|The MGA With An Attitude
DOOR SEALS, MGA Coupe - CP-118
Door seals for the MGA Coupe are similar to the seals for the roadster, except they go all around the door opening on the Coupe, including around the window opening in the roof line. The Coupe seals would originally start and end at the lower front corner, but Todd Clarke recommends start and end at bottom center for a neater appearance. Please review fitting instructions for the roadster door seals first in article INT-108B. Then go to the Clarke Spares & Restorations web site and read the instructions for installing this door seal.
The Coupe has two additional pieces of seal along the front of the door opening. One is a molded crescent shape piece that goes at the body curve at top front corner of the door shell. This piece fits just forward of the main door seal. Photos above, supplied by Edward Vandyk in the UK, show remnants of this crescent seal on the right side door.
The other is a longer molded piece that runs from the crescent piece to bottom corner. This one fits just outboard of the main seal. If you look at the photo above right, the line left by the original seal is visible down the length of the door jam, parallel to the main seal. These two additional seals are glued in place, and together they seal the entire height of the steel door shell along the front edge, including intimate seal for the hinge wings. This should make the MGA Coupe a cozy and draft free cruiser.
These additional seal pieces are listed but not illustrated in the 1500 SPL, but they are shown in the Twin Cam SPL and in the 1600 SPL.
AFH4822 - Sealing pad - 'A' post - RH
AFH4823 - Sealing pad - 'A' post - LH
AFH4819 - Sealing rubber - door hinge pillar (2 req'd)
MacGregor UK Car Parts list these items on their web site but actually only supply the long seal item AFH4819, which they describe as a "P shaped tube covering the hinges with the hollow (P) section outermost". I'm not sure if that description matches the SPL illustration. The pads AFH4822/23 are available from Anglo and Moss at significant expense. Photos of a Moss part below.
Pictures below are supplied by Edward Vandyk in the UK, along with following comments.
"Attached are what I think the door seals should have been like. The rubber at the top is not the correct piece as I have not yet found one to copy. I made it from the incorrect (i.e. solid) boot sealing strip. It certainly cuts down, but does not eliminate, the draft"!
Note: The "P" shape seal shown above is not correct as original, shows the incorrect seal (originally installed on Triumphs). It should be more of an "L" shape, solid without the tubular hole, as in the illustration above right.

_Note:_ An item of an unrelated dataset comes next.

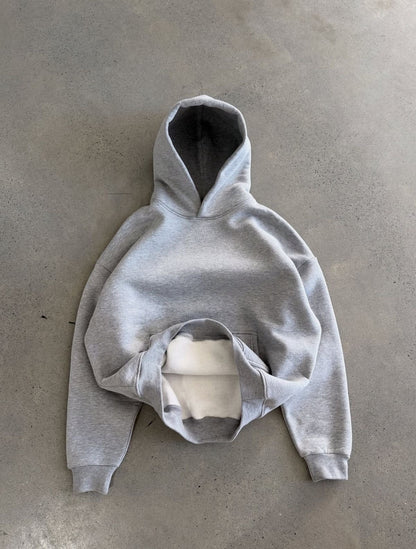 Hoodie manga globo Basic gris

Current offerings by the suppliers who actually stock the supplementary seals AFH 4822, 4823 and 4819 provide a p-shaped seal that does not have the same profile as the drawing in the service parts list (see page RF, item #34, best seen in the twin cam version). In pictures above (far above) can be seen on the car with the original AFH4822.
Photos and dimensions below are from an original part, supplied by Ian Bowen.

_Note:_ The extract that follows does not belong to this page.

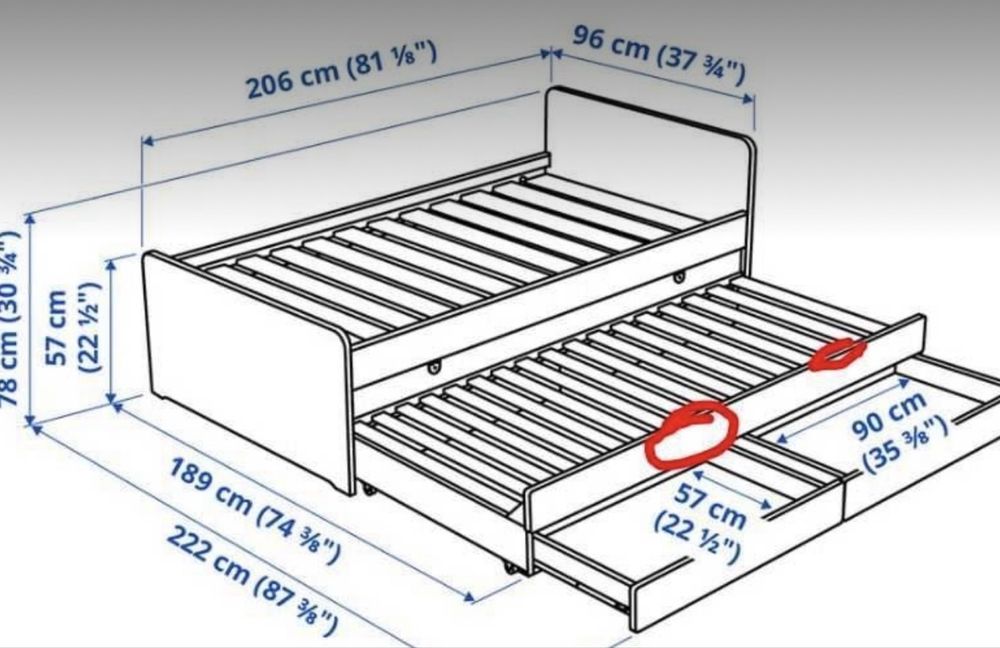 Cama  Ikea ,  supla com gavetas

Note from Ian Bowen: "As far as I remember, the staple holds the long door seal to the tapered seal round about the area where the bottom of the block is. As far as I can see, this would hold the long seal tightly up against the block (as the tapered seal is glued to the body) where it starts to curve upwards. I can only assume that this would make for a better seal although my long seal holds perfectly well and I don't have the tapered seal fitted so don't have a staple. The other possibility (although the long seal & the tapered seal have separate part numbers) is that when you bought the long seal, it came with the tapered seal attached so that it fitted in the right place on assembly - this might have been done for factory assembly for ease & speed of fixing??? Only an idea as the staple really did not seem to do much"!
Both ends are identical so the strip can be used for LHS and RHS. The strip is behind the door seal with the edge of the seal touching its raised part. The strip runs from the bottom of the A-post up, over the rubber block, and finishes at the bottom of the chrome door surround. It was originally secured to the door seal at the top by a staple. The flap that sits under the main door seal was glued in place.
Consider that the 20-inch height will cover the full height of the door post. I believe this means the "L" shape edge of the long seal is intended to be in intimate contact with the door shell for full height. This means the rubber wedge block is glued to the body first as a spacer to make the body shape more closely match the door shape. The long rubber strip is then tucked under the edge of the main door seal and is glued to the body post and on top of (aft of) the rubber wedge block. There was a staple securing the long rubber strip to the rubber wedge block, possibly a production technique to assure the strip stayed stuck while the adhesive would dry.
A few people who had seen the seal said that the pads AFH4822/23 were good water traps for rust promotion. The horse-hair blocks in the pillars would also contribute to rust in this area, as shown below.